Aim of the study was to prospectively assess the relation between atrial fibrillation, cognitive impairment, frailty and disability in older patients with chronic heart failure .
Three hundred thirty-one ambulatory community-living patients aged 70 years and older (mean 78 ± 6; range 70-93; 43% women) in stable conditions and optimized therapy were enrolled in seven heart failure cardiology clinics. Cognitive impairment was defined by a corrected Mini Mental State Examination score less than 24. Gait speed was used as marker of frailty and measured on a 4 m distance at usual pace.
Ninety-eight patients (30%) were on atrial fibrillation at enrolment and 20 (6%) had a history of paroxysmal/persistent atrial fibrillation. Patients with atrial fibrillation were more frequently women with severe valvular disease, preserved left ventricular ejection fraction and less frequently on beta-blockers. At multivariable analyses, atrial fibrillation emerged as independently related to cognitive impairment [odds ratio (OR) 1.909 (1.072-3.397); P = 0.028], as well as to reduced gait speed [OR 4.366 (2.104-9.060); P < 0.001]. Furthermore, atrial fibrillation was significantly associated with disability in either basic or instrumental activities of daily living.
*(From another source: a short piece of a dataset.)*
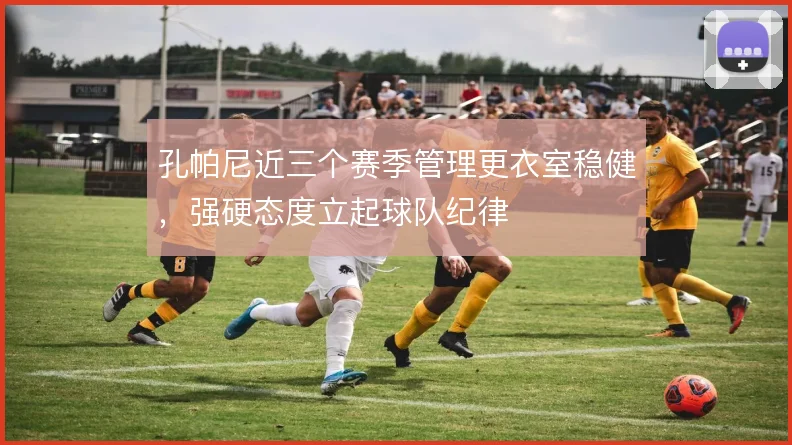 孔帕尼近三个赛季管理更衣室稳健,强硬态度立起球队纪律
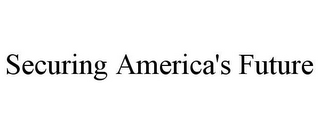 SECURING AMERICA'S FUTURE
No differences were found in mortality and morbidity.
Among patients with chronic heart failure, those with atrial fibrillation present a high prevalence of frailty, cognitive impairment and disability. The hypothetical mechanisms by which atrial fibrillation and heart failure may affect these conditions are multiple and further studies are warranted. However, screening for these variables in clinical practice is simple and inexpensive and may allow better strategies for intervention in this high-risk population.
本研究旨在前瞻性评估老年慢性心力衰竭患者心房颤动、认知障碍、衰弱与残疾之间的关系。
在七家心力衰竭心脏病诊所招募了331名年龄在70岁及以上(平均78±6岁;范围70 - 93岁;43%为女性)、病情稳定且接受优化治疗的社区门诊患者。认知障碍定义为校正后的简易精神状态检查表得分低于24分。步速用作衰弱的指标,以平常步伐在4米距离上进行测量。
98名患者(30%)在入组时患有心房颤动,20名患者(6%)有阵发性/持续性心房颤动病史。患有心房颤动的患者女性更多,患有严重瓣膜疾病,左心室射血分数保留,使用β受体阻滞剂的频率较低。在多变量分析中,心房颤动与认知障碍独立相关[比值比(OR)1.909(1.072 - 3.397);P = 0.028],也与步速降低相关[OR 4.366(2.104 - 9.060);P < 0.001]。此外,心房颤动与日常生活的基本或工具性活动中的残疾显著相关。在死亡率和发病率方面未发现差异。
在慢性心力衰竭患者中,患有心房颤动的患者衰弱、认知障碍和残疾的患病率较高。心房颤动和心力衰竭可能影响这些状况的假设机制是多方面的,需要进一步研究。然而,在临床实践中筛查这些变量简单且成本低廉,可能有助于为这一高危人群制定更好的干预策略。